Autonomie kann von jeder Führungskraft gewährt werden. Auch bei umfassenden Vorgaben durch Konzern, bei Null-Fehler-Kulturen oder bei strikten Organisationsstrukturen. Sie glauben das nicht? Fragen Sie mal Ihre MitarbeiterInnen, in welchen Aspekten diese gerne mehr Freiheiten und Entscheidungsspielraum hätten.

Spielräume geben – Motivation gewinnen

Ermöglichter Handlungsspielraum wird auch oft als Zeichen der Wertschätzung und des Vertrauens seitens der Führungskraft angesehen.

Handlungsspielraum zu geben ist eine Kernaufgabe für Führungskräfte, denn Führen heißt auch Loslassen. Betreiben Sie kein Mikromanagement indem Sie alles vorgeben. Setzen Sie die großen Ziele und Prioritäten. Erklären Sie die Hintergründe. Und lassen Sie Ihre Leute dann arbeiten.

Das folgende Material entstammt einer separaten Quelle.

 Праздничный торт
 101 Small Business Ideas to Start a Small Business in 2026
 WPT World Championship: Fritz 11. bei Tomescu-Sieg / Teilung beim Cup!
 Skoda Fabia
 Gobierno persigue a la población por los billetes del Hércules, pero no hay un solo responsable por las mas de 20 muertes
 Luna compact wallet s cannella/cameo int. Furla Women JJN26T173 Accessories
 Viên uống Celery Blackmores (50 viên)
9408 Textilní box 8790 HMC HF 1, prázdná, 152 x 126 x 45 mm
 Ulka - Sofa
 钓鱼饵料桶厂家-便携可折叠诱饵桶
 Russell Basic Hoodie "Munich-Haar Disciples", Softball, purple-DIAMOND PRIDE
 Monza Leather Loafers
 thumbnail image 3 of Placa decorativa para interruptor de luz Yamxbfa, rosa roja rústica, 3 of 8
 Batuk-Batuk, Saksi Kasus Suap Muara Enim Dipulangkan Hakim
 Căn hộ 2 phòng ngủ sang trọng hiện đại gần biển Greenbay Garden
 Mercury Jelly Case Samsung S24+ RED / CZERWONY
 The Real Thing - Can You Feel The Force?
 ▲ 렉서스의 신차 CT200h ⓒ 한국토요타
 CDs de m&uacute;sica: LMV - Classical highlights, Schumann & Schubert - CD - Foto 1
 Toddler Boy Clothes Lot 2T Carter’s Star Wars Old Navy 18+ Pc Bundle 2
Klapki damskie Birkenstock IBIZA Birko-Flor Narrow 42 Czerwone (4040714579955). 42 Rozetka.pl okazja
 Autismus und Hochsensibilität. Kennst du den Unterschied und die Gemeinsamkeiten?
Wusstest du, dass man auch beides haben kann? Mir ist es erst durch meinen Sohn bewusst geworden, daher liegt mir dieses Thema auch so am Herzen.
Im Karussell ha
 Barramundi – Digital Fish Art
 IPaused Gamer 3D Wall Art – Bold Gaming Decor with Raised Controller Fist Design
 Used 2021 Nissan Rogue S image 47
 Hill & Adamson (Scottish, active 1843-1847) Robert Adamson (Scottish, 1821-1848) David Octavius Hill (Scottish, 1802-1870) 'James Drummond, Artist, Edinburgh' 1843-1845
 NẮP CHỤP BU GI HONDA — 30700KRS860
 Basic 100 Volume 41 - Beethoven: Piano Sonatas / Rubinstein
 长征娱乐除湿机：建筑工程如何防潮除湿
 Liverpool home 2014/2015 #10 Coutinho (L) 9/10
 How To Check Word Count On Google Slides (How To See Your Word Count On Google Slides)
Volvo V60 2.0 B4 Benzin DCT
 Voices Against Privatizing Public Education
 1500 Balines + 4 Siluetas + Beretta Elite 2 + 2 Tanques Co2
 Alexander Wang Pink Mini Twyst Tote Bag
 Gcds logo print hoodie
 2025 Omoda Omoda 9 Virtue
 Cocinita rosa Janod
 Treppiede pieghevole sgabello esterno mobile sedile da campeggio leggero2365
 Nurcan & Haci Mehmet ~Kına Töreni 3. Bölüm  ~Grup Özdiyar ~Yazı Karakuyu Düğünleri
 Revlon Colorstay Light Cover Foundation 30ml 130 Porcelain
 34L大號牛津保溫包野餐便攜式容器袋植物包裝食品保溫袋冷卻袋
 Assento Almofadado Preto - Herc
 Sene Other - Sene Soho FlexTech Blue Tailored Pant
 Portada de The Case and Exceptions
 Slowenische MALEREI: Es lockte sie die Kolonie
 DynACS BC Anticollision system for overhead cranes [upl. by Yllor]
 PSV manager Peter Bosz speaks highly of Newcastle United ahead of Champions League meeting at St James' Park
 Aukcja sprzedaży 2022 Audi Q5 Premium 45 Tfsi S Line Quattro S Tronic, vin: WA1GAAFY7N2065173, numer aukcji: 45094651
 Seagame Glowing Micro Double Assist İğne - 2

Das ist auch gut für Sie als Führungskraft. Sie laufen weniger Gefahr an Burnout oder anderen Stressreaktionen zu erkranken. Sie haben mehr Kapazitäten für wichtigere Aufgaben.

Mitarbeiter sich selbst überlassen?

Autonomie bedeutet jedoch nicht die Mitarbeiter allein zu lassen, sich sozial zu istanzieren oder sich als Führungkraft zu isolieren. Feedback ist gerade bei autonomem Arbeiten wichtig!

Achten Sie auch darauf, dass durch die Erweiterung des Handlungsspielraums nicht notwendige Sicherheiten (große Ziele, Arbeitsplatzsicherheit, Eingebundenheit in eine Gemeinschaft) wegfallen.

Viel Erfolg beim Umsetzen!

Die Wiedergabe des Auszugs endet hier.